Pegasus and the Science Museum
The Science Museum Pegasus, serial number 25, has been re-located at least eight times in its life, including a period in Sweden. The museum acquired it from UCL London in 1983 and it was initially displayed in Manchester where it was occasionally maintained by a colleague and myself. After a couple of years the machine moved back to London.

When the Computer Conservation Society was formed in 1989, a group of expert volunteers re-commissioned and demonstrated Pegasus at the museum. It was put on prominent display in the Computing gallery in 2000, where for the first time in its long life, Pegasus was on view to the public. It is a tribute to the quality of the original engineering that Pegasus survived this repeated stripping down, moving, and re-assembling.

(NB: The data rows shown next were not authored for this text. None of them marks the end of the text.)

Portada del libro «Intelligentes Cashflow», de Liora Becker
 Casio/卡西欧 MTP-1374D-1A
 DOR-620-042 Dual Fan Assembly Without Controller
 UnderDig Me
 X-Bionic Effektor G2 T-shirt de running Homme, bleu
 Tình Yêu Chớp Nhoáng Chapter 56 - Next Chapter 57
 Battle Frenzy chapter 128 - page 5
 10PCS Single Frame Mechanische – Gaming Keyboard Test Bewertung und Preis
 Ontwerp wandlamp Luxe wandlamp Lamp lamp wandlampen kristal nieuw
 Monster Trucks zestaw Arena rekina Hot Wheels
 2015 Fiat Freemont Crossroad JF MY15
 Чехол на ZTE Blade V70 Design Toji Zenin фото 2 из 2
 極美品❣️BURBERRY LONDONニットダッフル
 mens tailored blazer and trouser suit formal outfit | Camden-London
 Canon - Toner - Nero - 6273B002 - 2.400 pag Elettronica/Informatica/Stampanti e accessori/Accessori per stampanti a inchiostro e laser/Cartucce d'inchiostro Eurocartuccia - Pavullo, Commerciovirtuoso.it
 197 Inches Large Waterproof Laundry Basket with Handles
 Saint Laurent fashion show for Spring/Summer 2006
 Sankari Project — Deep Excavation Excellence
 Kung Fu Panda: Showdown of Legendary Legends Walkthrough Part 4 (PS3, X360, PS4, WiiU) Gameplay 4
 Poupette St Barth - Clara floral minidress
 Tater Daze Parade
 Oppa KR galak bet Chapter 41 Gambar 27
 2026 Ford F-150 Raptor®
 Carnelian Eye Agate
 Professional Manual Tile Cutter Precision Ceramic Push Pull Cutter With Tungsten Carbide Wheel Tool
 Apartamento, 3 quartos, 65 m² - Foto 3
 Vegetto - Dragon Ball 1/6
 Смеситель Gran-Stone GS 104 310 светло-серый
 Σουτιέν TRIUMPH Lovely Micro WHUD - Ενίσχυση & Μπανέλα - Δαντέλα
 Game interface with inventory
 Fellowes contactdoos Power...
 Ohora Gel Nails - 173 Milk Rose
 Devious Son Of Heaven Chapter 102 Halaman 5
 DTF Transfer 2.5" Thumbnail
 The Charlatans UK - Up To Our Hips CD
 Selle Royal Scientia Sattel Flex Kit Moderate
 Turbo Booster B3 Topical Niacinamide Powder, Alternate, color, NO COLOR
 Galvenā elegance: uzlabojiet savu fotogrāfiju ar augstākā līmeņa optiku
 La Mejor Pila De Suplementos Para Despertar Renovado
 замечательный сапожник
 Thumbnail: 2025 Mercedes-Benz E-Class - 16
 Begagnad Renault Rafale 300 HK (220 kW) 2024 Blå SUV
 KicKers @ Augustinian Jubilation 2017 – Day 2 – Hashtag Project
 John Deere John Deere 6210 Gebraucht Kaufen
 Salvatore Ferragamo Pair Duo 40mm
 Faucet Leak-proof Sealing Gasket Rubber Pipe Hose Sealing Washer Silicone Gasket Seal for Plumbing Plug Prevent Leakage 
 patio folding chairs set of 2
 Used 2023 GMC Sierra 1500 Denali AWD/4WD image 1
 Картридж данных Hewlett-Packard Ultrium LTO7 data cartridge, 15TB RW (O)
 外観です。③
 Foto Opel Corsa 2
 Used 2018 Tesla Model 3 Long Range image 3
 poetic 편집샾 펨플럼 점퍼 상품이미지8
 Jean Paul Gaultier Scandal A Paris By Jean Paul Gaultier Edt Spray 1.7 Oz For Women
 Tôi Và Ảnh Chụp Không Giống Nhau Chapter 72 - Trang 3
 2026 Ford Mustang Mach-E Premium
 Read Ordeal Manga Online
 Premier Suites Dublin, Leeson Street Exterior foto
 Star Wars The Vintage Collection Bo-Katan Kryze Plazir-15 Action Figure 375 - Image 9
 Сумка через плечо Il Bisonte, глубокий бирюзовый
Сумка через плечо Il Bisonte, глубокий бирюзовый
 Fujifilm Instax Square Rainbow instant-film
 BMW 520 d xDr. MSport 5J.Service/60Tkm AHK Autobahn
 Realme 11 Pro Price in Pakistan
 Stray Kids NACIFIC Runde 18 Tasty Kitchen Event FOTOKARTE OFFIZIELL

For nearly a decade Pegasus was demonstrated every fortnight, but in 2009 a fault with the machine required it to be shut down and Health and Safety considerations subsequently stopped further operation. This historic, 60-year old computer continues to be an important artefact in the Science Museum’s Computing and Data Processing collections.

Chris Burton is a volunteer at the Museum who helps maintain and run Pegasus, one of the oldest computers in the world. Chris is a member of the Computer Conservation Society.

For more information on Pegasus, read “The Pegasus Story” by Simon Lavington published by the Science Museum. In 2015, the Computing gallery will close, reopening in late 2016 as the new Mathematics gallery. You can discover more about the history of information and communication technologies in the Information Age gallery, opened in October 2014.

4 comments on “The Pegasus Computer

  1. Which is the last weekend that we can still visit the Computing Gallery? Thanks!

    1. Hi Ed, Thanks for asking. We don’t have an exact date just yet, but you can see the gallery until August. Hope that helps.

  2. Hi Ed, Before the 19th August is best. Hope that helps.